Consumers and business users trying to buy a Microsoft Surface, the company’s first tablet and most significant foray into self-developed hardware, are finding themselves waiting in line. The Windows RT version has been on a three-week backorder since selling out Oct. 26, the day they became generally available.
Supply is one challenge facing Microsoft as it pushes its tablet to market. The other problem: the limited sales channel.
Microsoft is testing the limits of its direct sales operation. The Surface is only available through the Microsoft Web site and through 31 retail stores in the United States. Microsoft hasn’t made Surface available to channel partners for resale. Prior to the launch of Surface, channel chief Jon Roskill told Channelnomics nothing had change in Microsoft’s go-to-market strategy with Surface and that the company was taking a wait-and-see approach to releasing the tablets to the channel.
Not much has changed in the three-weeks since Surface hit the market. Microsoft continues to heavily market Surface on the Web and through television commercials. The tablet is getting generally good reviews from publications and users, although some critics say the RT version – designed for the ARM mobile processor – isn’t as robust as Intel versions and users may be surprised when it doesn’t run legacy applications.

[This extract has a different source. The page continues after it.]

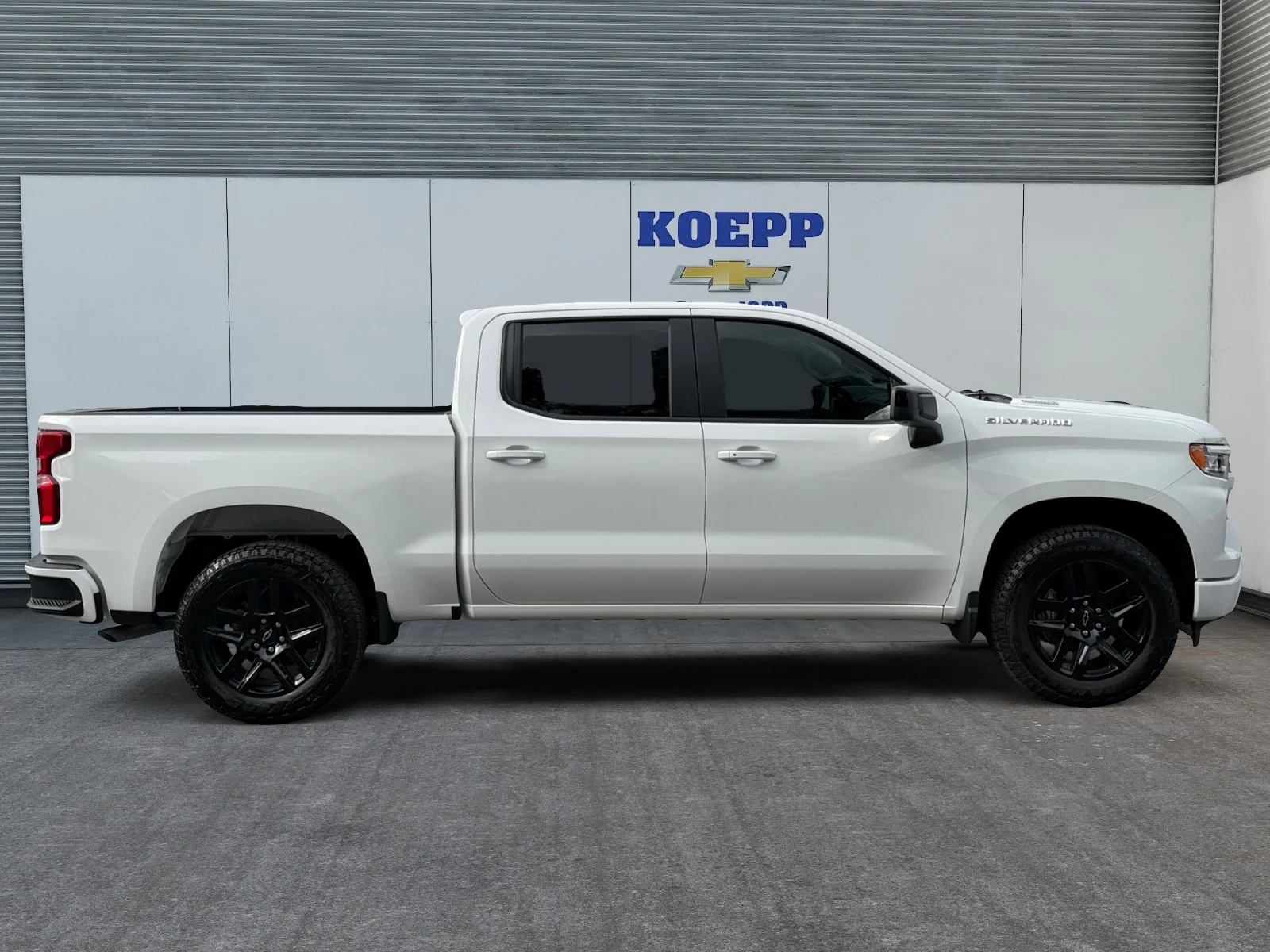New 2026 Summit White Chevrolet RST image 6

What’s surprising is how Microsoft isn’t gearing up its channel army for the forthcoming launch of the high-end version of Surface running Windows 8 Pro, due out in early 2013. This version is built for business, with an Intel Ivy Bridge processor, 4 GB of memory and 128 GB solid state hard drive. This is precisely the device Microsoft hopes to expand the total tablet market by drawing businesses who want more than a consumer device running their data and applications.
Last week, published reports stated Microsoft’s Surface is designed with more profit than the Apple iPad. The revelation, if true, gives credence to those who charge Microsoft with trying to retain margins by not selling the Surface through the channel. Microsoft may save money by keeping Surface out of the channel, but Microsoft’s inability to address the total market with its tablet shows the folly of not selling through the channel.
Meanwhile, sales of Apple’s new iPad Mini, the 7-inch version of its market-leading tablet, sold more than 3 million units in the first three days of general availability. Apple, too, sells its devices mostly through direct channels, augmented by some retail sales. At the same time, Google’s Nexus family of tablets is selling at a pace of more than 1 million per month.
The difference between Microsoft and its tablet rivals: Apple and Google have larger and more mature direct and retail sales systems. Microsoft is just getting started in direct sales. While Microsoft has nearly three dozen retail stores, it’s but a fraction of the near 300 Apple stores or the huge Google online presence.
Microsoft may be keeping Surface out of the IT channel in deference to its OEM partners. Microsoft wrinkled longtime PC allies such as Dell, Hewlett-Packard and Acer when it announced Surface. Most of the major PC vendors are coming out with Windows 8 tablets. HP, in particular, is planning to address the business market with professional tablets running Windows 8. By keeping Surface out of the channel, Microsoft may be clearing the lanes for PC vendors to sell their devices through reseller partners.
Regardless of the rationale, Microsoft’s launch of the Surface tablet is validating the value of the channel is extending sales capacity for vendors. By not working with the tens of thousands of solution providers in the indirect channel, vendors run the risk of capping sales and, by extension, profitability.